DOCKET NO. A-3885-02T43885-02T4

STATE OF NEW JERSEY,

Plaintiff-Respondent,

v.

ALMIR DESOUZA,

Defendant-Appellant.

________________________________________________________________

 

Submitted October 19, 2005 - Decided

Before Judges Weissbard and Francis.

On appeal from Superior Court of New

Jersey, Law Division, Monmouth County,

92-06-0880.

Yvonne Smith Segars, Public Defender,

attorney for appellant (Ruth A. Harrigan,

Designated Counsel, of counsel and on

the brief).

John Kaye, Monmouth County Prosecutor,

attorney for respondent (Mark P. Stalford,

Assistant Prosecutor, of counsel and on the brief).

PER CURIAM

Defendant Almir DeSouza appeals from the denial of his petition for post-conviction relief (PCR) without an evidentiary hearing. We reverse and remand for an evidentiary hearing addressing defendant's claim that an interpreter should have been provided for him at his 1993 trial.

Defendant was indicted for first-degree murder, third-degree possession of a weapon for an unlawful purpose and fourth-degree unlawful possession of a weapon. The victim of the offense was Michelle Hansen, defendant's girlfriend. At the time of her death on January 11, 1992, defendant had been living with her for several years. The allegation, supported by proof at trial, was that defendant stabbed Hansen with a kitchen knife. After a nine-day trial, defendant was convicted on all three counts and sentenced on April 8, 1993 to sixty years in prison, with a thirty-year period of parole ineligibility. On defendant's direct appeal, we affirmed in an unpublished opinion of July 6, 1995. None of the issues raised on appeal touched on the issue of defendant's need for an interpreter. Defendant's petition for certification was denied on October 23, 1995.

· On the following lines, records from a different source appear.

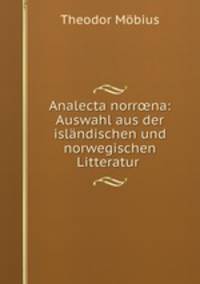 Analecta norr?na: Auswahl aus der islandischen und norwegischen Litteratur .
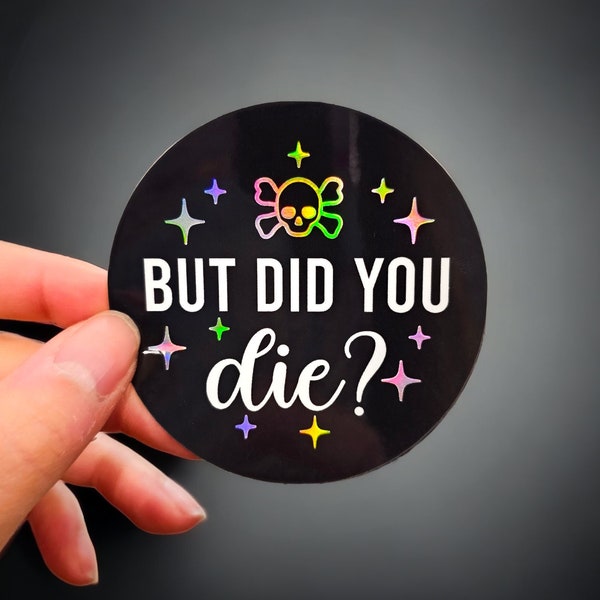 But Did You Die? Sticker - ER Nurse Sticker - Funny Medical Sticker - Healthcare Sticker - Radiology Sticker - Nurse Sticker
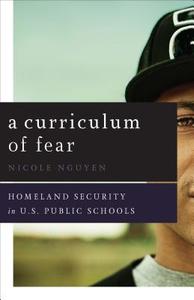 A Curriculum of Fear di Nicole Nguyen edito da University of Minnesota Press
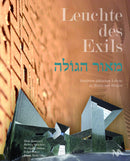 Leuchte des Exils Zeugnisse jüdischen Lebens in Mainz und Bingen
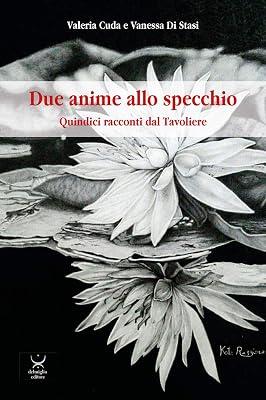 Due anime allo specchio. Quindici racconti dal Tavoliere by unknown author | Paperback 2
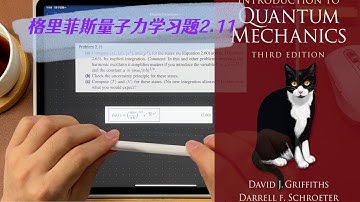 Griffiths quantum mechanics problem solving (Problem 2.11)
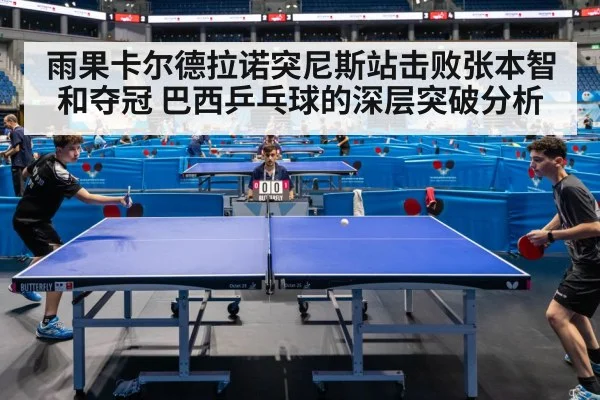 雨果卡尔德拉诺突尼斯站击败张本智和夺冠 巴西乒乓球的深层突破分析
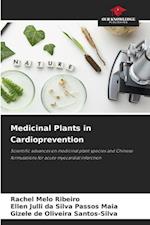 Medicinal Plants in Cardioprevention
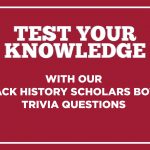 Test your knowledge with our Black History Scholars Bowl trivia questions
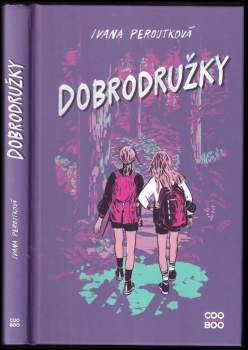 Ivana Peroutková: Dobrodružky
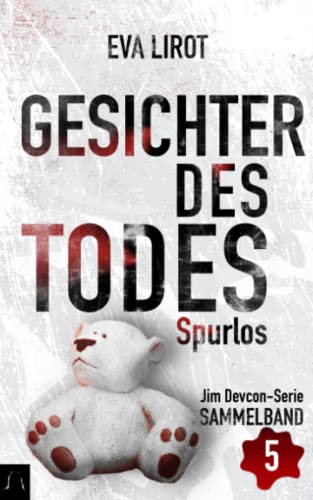 Gesichter des Todes: SPURLOS (Jim Devcon-Sammelband, Band 5) Gesichter des Todes: SPURLOS (Jim Devcon-Sammelband, Band 5)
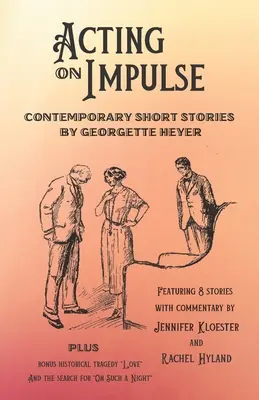 Działając pod wpływem impulsu - współczesne opowiadania Georgette Heyer - Acting on Impulse - Contemporary Short Stories by Georgette Heyer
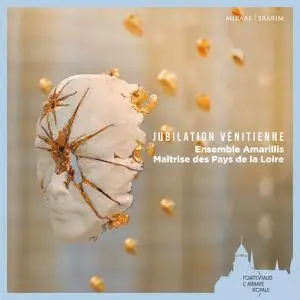 Ensemble Amarillis - Jubilation venitienne (2022) [Official Digital Download]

On January 17, 1988, defendant filed a timely PCR. That pro se petition raised five issues, including that his trial without the benefit of an interpreter deprived him of due process of law, and the denial of his right to the effective assistance of counsel based on, among other things, his trial attorney's failure to request an interpreter and his appellate counsel's failure to raise the issue on direct appeal. The PCR hearing was before a different judge than had presided over the trial. On January 27, 1999, the judge rejected, without an evidentiary hearing, defendant's claim concerning his need for an interpreter at trial. By opinion of December 14, 2000, we dismissed defendant's appeal because he failed to provide a copy of the January 27, 1999 proceedings, as required by R. 2:5-3(a). In addition, we noted that defendant's PCR counsel had not appeared on January 27, 1999. As a result, the dismissal was "without prejudice to defendant's endeavor to seek a new hearing before the trial court on his petition to press the points he would have made." Consequently, on August 1, 2001, defendant filed a new petition which raised only the interpreter issue. On September 27, 2002, defendant and his assigned counsel appeared for argument. On November 15, 2002, the PCR judge placed on the record his reasons for denying the petition. This appeal follows, in which defendant presents the following issues for our consideration:

POINT I

DEFENDANT WAS DEPRIVED OF DUE PROCESS AND EFFECTIVE ASSISTANCE OF BOTH TRIAL AND APPELLATE COUNSEL UNDER FEDERAL AND STATE LAW WHEN HE WAS TRIED WITHOUT THE SERVICES OF AN INTERPRETER.

POINT II

DEFENDANT IS ENTITLED TO RESENTENCING BECAUSE HIS SENTENCING TERM WAS ENHANCED ON THE BASIS OF FACTS NOT PROVED TO A JURY BEYOND A REASONABLE DOUBT IN VIOLATION OF THE SIXTH AND FOURTEENTH AMENDMENTS.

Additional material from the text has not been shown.